### Exercise aim
I need the lines below from the one with "TOYOTA Hilux 2020" down to the one with "Case IH 1063" reproduced exactly, both ends included, and nothing else.

### Records to use
::::

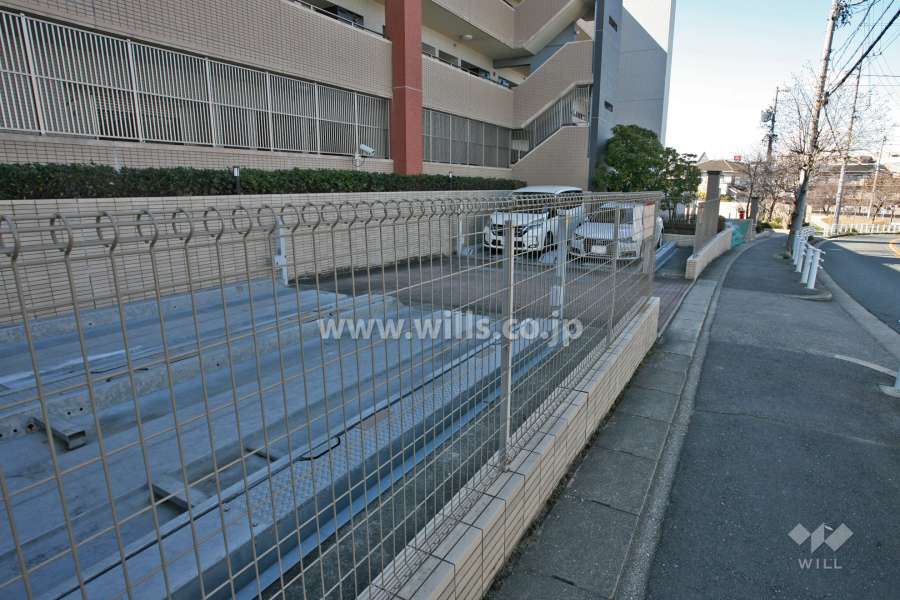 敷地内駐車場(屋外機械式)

::::

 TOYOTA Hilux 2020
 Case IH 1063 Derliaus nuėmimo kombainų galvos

::::

### Task response
 TOYOTA Hilux 2020
 Case IH 1063 Derliaus nuėmimo kombainų galvos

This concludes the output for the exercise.